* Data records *

####################

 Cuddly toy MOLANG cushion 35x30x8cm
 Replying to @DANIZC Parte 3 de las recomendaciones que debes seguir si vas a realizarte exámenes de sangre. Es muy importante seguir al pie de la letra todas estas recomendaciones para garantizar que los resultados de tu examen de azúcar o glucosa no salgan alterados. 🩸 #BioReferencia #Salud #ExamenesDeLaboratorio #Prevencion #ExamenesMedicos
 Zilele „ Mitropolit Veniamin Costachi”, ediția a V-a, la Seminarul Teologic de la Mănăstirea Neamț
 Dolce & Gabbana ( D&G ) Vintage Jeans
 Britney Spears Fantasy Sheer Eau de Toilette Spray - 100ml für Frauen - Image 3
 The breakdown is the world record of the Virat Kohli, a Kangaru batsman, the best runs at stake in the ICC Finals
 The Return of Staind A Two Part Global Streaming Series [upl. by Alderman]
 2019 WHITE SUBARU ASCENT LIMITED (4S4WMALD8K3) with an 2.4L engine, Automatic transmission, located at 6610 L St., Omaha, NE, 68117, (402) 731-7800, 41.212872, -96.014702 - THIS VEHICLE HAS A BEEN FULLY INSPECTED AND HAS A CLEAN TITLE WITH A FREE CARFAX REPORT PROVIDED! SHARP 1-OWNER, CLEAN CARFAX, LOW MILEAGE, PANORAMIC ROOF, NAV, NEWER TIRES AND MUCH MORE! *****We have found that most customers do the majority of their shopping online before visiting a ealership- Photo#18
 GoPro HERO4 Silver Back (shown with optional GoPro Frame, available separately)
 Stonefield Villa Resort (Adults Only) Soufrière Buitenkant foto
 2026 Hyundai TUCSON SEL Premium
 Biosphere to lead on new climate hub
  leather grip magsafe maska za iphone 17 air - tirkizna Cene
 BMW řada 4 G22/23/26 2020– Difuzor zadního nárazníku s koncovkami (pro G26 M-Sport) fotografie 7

####################

* What you will do *
Reproduce exactly, please, only the lines from the start of the data above to the line that contains "GoPro HERO4 Silver", with both ends kept.

* Solution below *
 Cuddly toy MOLANG cushion 35x30x8cm
 Replying to @DANIZC Parte 3 de las recomendaciones que debes seguir si vas a realizarte exámenes de sangre. Es muy importante seguir al pie de la letra todas estas recomendaciones para garantizar que los resultados de tu examen de azúcar o glucosa no salgan alterados. 🩸 #BioReferencia #Salud #ExamenesDeLaboratorio #Prevencion #ExamenesMedicos
 Zilele „ Mitropolit Veniamin Costachi”, ediția a V-a, la Seminarul Teologic de la Mănăstirea Neamț
 Dolce & Gabbana ( D&G ) Vintage Jeans
 Britney Spears Fantasy Sheer Eau de Toilette Spray - 100ml für Frauen - Image 3
 The breakdown is the world record of the Virat Kohli, a Kangaru batsman, the best runs at stake in the ICC Finals
 The Return of Staind A Two Part Global Streaming Series [upl. by Alderman]
 2019 WHITE SUBARU ASCENT LIMITED (4S4WMALD8K3) with an 2.4L engine, Automatic transmission, located at 6610 L St., Omaha, NE, 68117, (402) 731-7800, 41.212872, -96.014702 - THIS VEHICLE HAS A BEEN FULLY INSPECTED AND HAS A CLEAN TITLE WITH A FREE CARFAX REPORT PROVIDED! SHARP 1-OWNER, CLEAN CARFAX, LOW MILEAGE, PANORAMIC ROOF, NAV, NEWER TIRES AND MUCH MORE! *****We have found that most customers do the majority of their shopping online before visiting a ealership- Photo#18
 GoPro HERO4 Silver Back (shown with optional GoPro Frame, available separately)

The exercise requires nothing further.